[Records for the exercise — start]

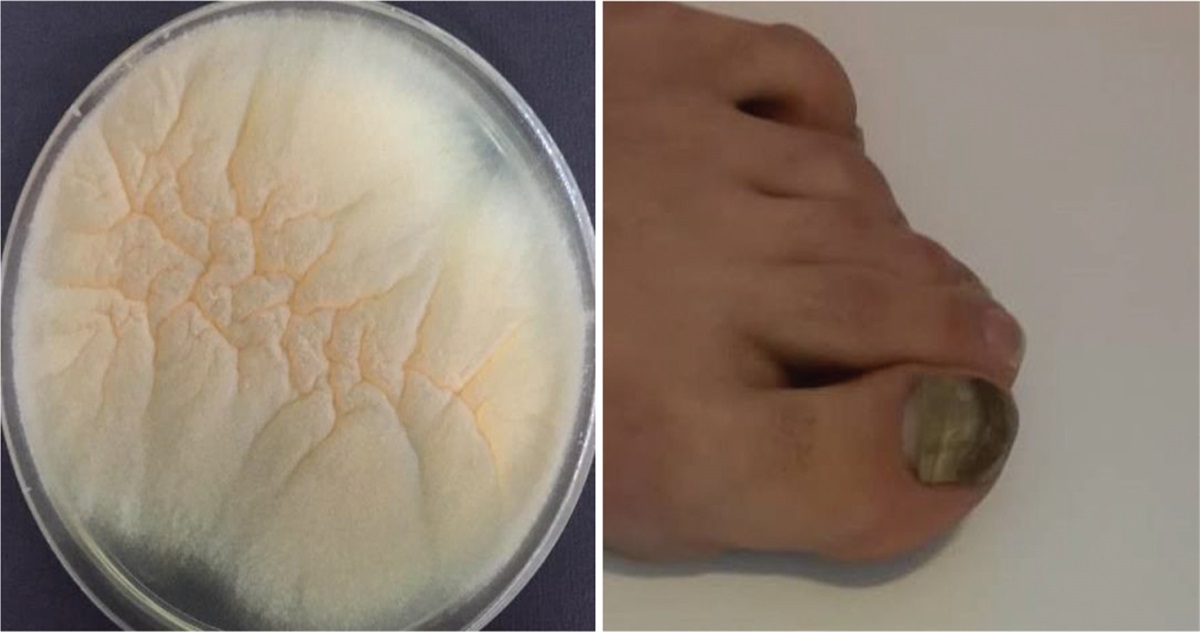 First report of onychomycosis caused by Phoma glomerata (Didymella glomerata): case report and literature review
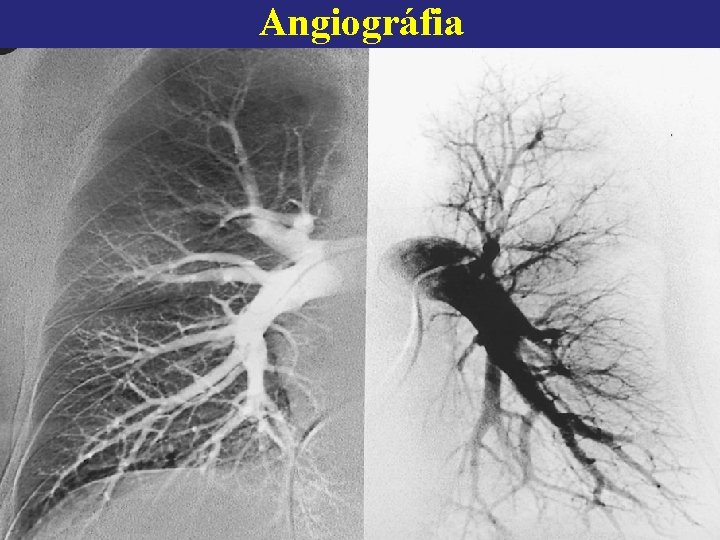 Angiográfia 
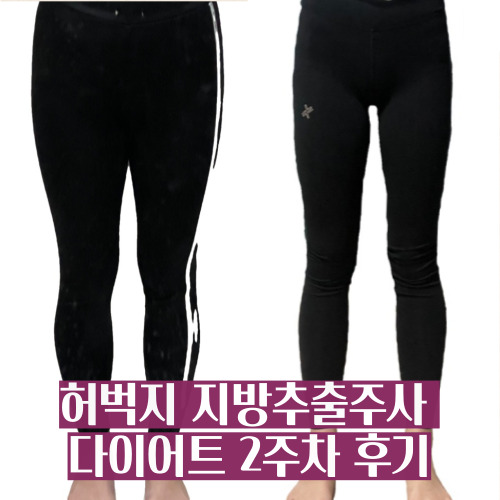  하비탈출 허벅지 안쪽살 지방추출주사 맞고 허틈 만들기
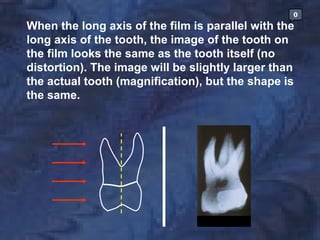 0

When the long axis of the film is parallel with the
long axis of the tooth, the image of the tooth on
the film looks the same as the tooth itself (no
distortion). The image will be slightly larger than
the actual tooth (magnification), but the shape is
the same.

[Records for the exercise — finish]

__Brief__
Return each line above word for word. Skip the pictures.

__Response to this exercise__
 First report of onychomycosis caused by Phoma glomerata (Didymella glomerata): case report and literature review
 Angiográfia 
  하비탈출 허벅지 안쪽살 지방추출주사 맞고 허틈 만들기
 0

When the long axis of the film is parallel with the
long axis of the tooth, the image of the tooth on
the film looks the same as the tooth itself (no
distortion). The image will be slightly larger than
the actual tooth (magnification), but the shape is
the same.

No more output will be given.